Além de informativos, a ação também distribui a escala de violência – “Violentômetro” – e apitos para a execução do apitaço intitulado “Não hesite, apite!”, com o objetivo de fortalecer a garantia da integridade, dignidade e liberdade das mulheres no transporte público. A coordenadora do curso Promotoras Legais Populares e representante da ASAS, Sandra Lopes Nogueira, explicou que este é um instrumento de denúncia, conforme atos replicados na Europa. Ela disse que a violência contra a mulher no transporte público, em casa ou em qualquer outro lugar deve ser denunciada, sendo que o apito é uma ferramenta de proteção às mulheres, intimidando agressores.
A campanha “Chega de fiu-fiu”, encabeçada pela Defensoria Pública do Estado de São Paulo e pela ONG Think Olga, também foi abordada durante a ação de combate ao assédio sexual. A atividade encerrou a programação do mês de agosto em alusão aos 13 anos da Lei Maria da Penha e suas conquistas. O calendário contou com encontros abertos semanais sobre os principais temas que circundam a legislação.

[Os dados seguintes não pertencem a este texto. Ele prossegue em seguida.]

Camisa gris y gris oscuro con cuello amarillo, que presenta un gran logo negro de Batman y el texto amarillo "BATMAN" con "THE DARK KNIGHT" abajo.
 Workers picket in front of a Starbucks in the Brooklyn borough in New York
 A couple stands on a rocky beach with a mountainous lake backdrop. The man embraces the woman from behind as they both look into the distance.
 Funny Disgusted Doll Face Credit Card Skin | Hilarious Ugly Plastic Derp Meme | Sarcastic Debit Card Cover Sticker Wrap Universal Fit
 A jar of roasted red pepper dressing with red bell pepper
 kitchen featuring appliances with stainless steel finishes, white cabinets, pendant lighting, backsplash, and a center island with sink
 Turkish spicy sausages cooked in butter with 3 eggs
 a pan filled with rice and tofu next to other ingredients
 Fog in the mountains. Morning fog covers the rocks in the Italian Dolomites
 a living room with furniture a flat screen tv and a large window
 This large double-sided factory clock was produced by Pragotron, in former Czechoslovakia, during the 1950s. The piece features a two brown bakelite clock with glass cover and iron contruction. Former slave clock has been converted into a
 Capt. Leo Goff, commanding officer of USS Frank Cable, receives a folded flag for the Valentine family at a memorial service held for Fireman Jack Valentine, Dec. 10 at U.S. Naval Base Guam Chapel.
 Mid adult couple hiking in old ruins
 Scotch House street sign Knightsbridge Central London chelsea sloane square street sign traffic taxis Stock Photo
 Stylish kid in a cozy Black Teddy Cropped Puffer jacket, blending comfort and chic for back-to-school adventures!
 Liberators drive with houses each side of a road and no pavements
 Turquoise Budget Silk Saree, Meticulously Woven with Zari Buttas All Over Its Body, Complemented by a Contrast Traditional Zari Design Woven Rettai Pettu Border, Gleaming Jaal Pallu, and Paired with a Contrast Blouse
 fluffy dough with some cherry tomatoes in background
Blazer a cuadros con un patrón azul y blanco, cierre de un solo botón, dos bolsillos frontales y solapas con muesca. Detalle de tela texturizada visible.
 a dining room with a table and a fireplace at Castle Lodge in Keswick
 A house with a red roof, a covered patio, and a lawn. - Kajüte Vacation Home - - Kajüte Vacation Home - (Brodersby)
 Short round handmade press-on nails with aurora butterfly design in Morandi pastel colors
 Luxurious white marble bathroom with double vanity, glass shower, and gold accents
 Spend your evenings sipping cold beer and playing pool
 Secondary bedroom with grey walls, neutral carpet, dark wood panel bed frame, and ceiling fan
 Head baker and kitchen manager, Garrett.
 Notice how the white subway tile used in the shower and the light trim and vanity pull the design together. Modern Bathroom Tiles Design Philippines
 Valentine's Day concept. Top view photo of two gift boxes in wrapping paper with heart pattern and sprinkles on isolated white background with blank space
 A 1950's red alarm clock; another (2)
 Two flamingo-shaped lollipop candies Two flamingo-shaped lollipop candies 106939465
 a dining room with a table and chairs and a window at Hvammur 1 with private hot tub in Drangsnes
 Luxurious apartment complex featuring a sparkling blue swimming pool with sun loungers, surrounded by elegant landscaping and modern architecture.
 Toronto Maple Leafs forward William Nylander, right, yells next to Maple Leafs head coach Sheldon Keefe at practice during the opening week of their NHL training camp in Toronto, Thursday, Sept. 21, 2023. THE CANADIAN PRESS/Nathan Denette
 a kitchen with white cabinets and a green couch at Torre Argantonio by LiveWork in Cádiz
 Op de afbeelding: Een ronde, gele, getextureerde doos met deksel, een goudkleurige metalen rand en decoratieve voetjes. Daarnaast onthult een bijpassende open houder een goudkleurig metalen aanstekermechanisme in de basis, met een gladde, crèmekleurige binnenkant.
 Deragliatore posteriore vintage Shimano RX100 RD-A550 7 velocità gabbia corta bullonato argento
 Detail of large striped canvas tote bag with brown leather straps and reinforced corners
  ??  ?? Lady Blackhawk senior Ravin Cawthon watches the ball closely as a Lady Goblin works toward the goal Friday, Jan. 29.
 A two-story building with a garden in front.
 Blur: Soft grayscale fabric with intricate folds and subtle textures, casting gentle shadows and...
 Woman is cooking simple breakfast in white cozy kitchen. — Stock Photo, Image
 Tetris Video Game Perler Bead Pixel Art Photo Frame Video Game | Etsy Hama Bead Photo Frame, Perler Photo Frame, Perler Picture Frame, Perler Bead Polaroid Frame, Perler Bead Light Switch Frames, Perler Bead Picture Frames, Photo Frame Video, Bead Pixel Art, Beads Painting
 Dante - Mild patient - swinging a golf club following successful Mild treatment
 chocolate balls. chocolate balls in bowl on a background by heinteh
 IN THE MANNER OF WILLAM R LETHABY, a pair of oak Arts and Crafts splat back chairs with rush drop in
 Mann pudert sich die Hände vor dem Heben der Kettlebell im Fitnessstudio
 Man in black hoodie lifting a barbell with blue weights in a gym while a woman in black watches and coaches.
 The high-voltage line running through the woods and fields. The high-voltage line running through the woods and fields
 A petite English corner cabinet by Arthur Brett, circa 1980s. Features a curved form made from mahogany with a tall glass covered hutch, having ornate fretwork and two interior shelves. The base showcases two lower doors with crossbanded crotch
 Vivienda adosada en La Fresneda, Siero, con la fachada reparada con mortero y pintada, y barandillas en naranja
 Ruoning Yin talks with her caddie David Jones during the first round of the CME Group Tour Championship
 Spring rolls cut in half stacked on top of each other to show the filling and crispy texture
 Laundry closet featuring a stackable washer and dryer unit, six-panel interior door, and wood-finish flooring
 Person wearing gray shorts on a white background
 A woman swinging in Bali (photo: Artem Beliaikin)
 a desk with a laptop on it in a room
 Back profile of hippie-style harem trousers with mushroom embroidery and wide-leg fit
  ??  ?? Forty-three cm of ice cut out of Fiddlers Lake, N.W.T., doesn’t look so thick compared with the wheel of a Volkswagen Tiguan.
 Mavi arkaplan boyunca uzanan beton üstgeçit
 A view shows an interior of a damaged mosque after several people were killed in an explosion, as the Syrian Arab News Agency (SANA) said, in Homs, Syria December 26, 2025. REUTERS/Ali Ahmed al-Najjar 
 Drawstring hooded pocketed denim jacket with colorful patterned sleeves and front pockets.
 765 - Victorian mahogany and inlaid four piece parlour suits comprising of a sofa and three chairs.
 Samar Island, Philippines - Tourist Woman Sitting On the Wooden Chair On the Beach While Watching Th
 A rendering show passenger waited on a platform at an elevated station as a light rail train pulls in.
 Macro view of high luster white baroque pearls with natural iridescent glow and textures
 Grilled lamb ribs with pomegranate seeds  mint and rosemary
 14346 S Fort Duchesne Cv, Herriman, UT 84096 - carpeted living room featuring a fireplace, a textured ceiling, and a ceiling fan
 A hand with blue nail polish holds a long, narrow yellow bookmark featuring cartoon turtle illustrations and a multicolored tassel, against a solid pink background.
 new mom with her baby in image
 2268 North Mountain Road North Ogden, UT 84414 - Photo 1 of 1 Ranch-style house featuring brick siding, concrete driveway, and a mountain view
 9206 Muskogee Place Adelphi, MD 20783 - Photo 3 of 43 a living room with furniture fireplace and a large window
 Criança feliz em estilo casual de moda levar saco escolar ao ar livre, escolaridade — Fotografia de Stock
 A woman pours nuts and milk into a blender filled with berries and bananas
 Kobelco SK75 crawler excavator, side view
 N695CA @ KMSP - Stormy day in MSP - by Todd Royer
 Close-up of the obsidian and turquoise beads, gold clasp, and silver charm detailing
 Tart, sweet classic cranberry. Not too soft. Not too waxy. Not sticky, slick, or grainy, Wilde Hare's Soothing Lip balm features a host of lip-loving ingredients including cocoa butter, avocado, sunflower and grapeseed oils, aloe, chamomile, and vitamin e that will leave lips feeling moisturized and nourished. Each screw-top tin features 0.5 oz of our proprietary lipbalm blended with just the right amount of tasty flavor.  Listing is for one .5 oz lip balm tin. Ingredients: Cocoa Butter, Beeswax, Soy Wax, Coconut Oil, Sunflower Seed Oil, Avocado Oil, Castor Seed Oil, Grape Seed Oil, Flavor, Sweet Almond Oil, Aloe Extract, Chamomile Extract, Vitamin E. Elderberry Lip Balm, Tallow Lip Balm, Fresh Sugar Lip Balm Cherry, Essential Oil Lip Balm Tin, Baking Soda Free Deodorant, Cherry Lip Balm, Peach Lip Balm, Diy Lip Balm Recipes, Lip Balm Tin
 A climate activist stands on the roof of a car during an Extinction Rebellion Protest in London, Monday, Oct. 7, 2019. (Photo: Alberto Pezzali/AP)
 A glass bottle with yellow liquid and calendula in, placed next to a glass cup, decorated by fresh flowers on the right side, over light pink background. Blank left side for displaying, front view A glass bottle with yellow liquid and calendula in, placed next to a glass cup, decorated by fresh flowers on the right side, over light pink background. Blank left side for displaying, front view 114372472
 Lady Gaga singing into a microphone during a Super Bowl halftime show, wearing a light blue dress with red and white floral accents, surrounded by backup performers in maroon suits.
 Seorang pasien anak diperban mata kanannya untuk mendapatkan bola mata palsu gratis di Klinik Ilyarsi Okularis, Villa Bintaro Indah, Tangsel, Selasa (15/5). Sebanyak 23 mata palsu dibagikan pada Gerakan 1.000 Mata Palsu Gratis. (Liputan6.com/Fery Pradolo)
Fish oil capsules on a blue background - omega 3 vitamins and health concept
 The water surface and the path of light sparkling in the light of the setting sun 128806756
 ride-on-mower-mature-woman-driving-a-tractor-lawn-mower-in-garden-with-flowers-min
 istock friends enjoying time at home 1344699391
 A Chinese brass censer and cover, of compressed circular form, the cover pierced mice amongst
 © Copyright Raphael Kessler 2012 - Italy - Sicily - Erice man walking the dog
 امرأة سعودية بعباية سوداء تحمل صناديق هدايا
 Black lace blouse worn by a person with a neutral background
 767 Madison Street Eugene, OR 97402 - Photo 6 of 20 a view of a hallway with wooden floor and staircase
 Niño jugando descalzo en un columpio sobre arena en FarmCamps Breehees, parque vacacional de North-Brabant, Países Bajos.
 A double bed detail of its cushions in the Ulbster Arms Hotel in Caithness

Para a dirigente do Saspe, a primeira-dama Larissa Ashiuchi, o ato de encerramento deixa um legado importante sobre a luta diária no combate à violência contra a mulher. Ela destacou que os encontros deste mês e a atividade de conscientização na rua visam estimular uma mudança cultural necessária na nossa sociedade, além de encorajar vítimas, familiares, amigos e os próprios passageiros do transporte público a denunciarem os casos presenciados.